While there are certainly logistical differences between verticals, perhaps more importantly are the technological and financial differences in verticals. Understand what is expected of you and your team from each of those perspectives.

If you are looking to service ecommerce brands, be sure that you are familiar with “shopping carts” (Shopify, WooCommerce, Magento) and reverse logistics. If you are looking to service FBA clients, become familiar with Amazon’s routing guides, Seller Central, and Prime-determined SLAs. If you are looking to service B2B clients, be sure that you are familiar with EDI connectivity, retailer routing guides, Free On Board (FOB) vs. Shipper provided freight. If you are servicing consumer packaged goods (CPG) brands, be sure to understand FDA/USDA/EPA facility requirements.

Step 3) Determine your value proposition.

No one can be everything to everyone. Think about variables such as: location, industries/verticals served, Value Added Services (VAS), freight/small parcel costs, automation, business intelligence, strategy, planning--anything really. Determine what makes your operation a unique force multiplier to your prospects and lean into it 100%. You’ll find through refinement that not only will you speak to your prospects' needs better, but you’ll also increase efficiencies within your warehouse by serving similar operational processes.

If you are centrally located, perhaps your value proposition is transit time and serviceable zones. If you are located on a coast/near a port, perhaps your value proposition is increased turnaround and decreased drayage costs. If you are the beneficiary of exceptional small parcel rates, perhaps your value proposition is lower rates than the competition. If you have the means to service freight, kitting, buyer communications, etc., perhaps your value proposition is that prospects can pay to outsource their supply chain management to you.

The possibilities for value propositions are only limited to the imagination of the person determining it.
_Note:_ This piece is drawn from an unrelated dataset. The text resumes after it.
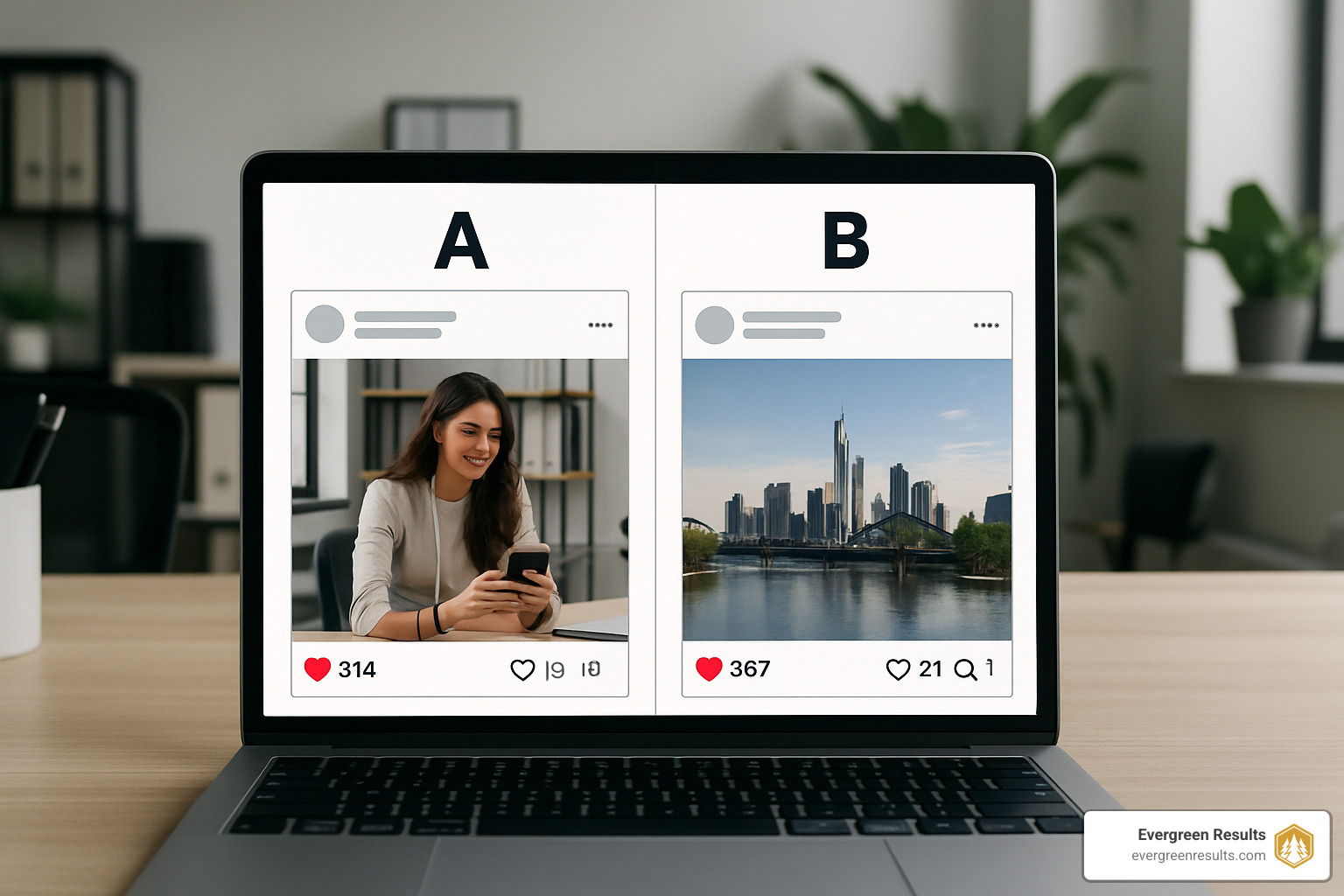 side-by-side comparison of two social media posts showing A/B testing results - what is roi in social media marketing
If you have a warehouse, you can drive value in 2022.

Step 4) Refine your pitch.

The hard truth is that the outside world doesn’t view 3PLs as very “modern”. Having a scattered service offering or a weak pitch will prove that to the outside world. Think of your operation as one of hundreds or even thousands of stalls in the grand bazaar. Prospects walk past each stall, glancing at the offerings, making determinations for what they want to buy. They walk past the dated, dirty stalls, fearing that the products will also be dated and dirty. When they come to the squared away, friendly, and knowledgeable salesperson in the next stall though, they become interested. They’re intrigued by the salesperson’s knowledge of their industry and their offerings, the way he or she asks questions about what type of products the prospective buyers are looking for, the journal of customer testimonials and referrals.

Your pitch represents you and vice versa. It’s the first impression that a prospect gets and to them represents not only what you’re trying to sell, but how you’ll service them down the line. For customers, switching 3PLs is one of the more costly ventures they’ll have to go through in their lifetime. There’s inherent trepidation when choosing a 3PL. The way you present your operation will either comfort them or it will terrify them.